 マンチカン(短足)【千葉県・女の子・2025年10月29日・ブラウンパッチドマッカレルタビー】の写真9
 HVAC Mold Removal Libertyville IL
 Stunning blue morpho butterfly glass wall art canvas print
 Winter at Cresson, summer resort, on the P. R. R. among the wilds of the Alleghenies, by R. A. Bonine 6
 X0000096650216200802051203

==

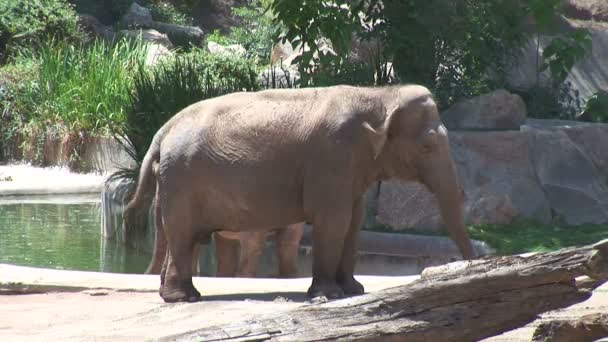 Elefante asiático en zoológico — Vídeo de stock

...

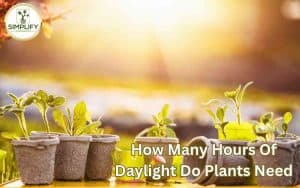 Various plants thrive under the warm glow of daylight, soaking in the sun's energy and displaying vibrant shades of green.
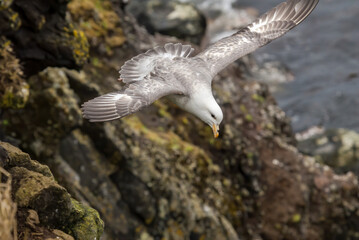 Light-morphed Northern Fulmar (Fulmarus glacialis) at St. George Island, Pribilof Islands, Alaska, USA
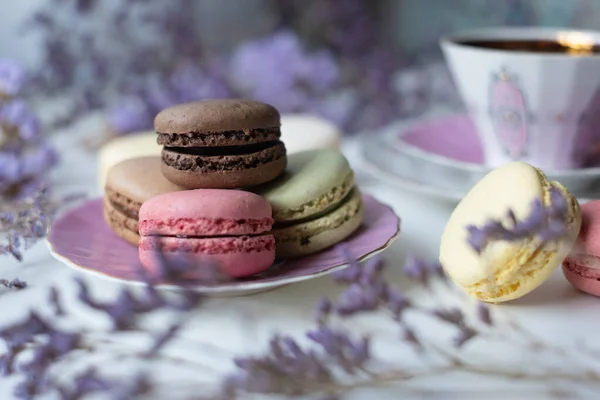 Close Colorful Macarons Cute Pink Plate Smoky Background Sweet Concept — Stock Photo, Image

*TASK BRIEF*. Working from the data above, extract solely the lines from the one containing "マンチカン(短足)【千葉県・" through the one containing "X0000096650216200802051203", exactly as they appear, both included.

*EXERCISE RESULT*.
 マンチカン(短足)【千葉県・女の子・2025年10月29日・ブラウンパッチドマッカレルタビー】の写真9
 HVAC Mold Removal Libertyville IL
 Stunning blue morpho butterfly glass wall art canvas print
 Winter at Cresson, summer resort, on the P. R. R. among the wilds of the Alleghenies, by R. A. Bonine 6
 X0000096650216200802051203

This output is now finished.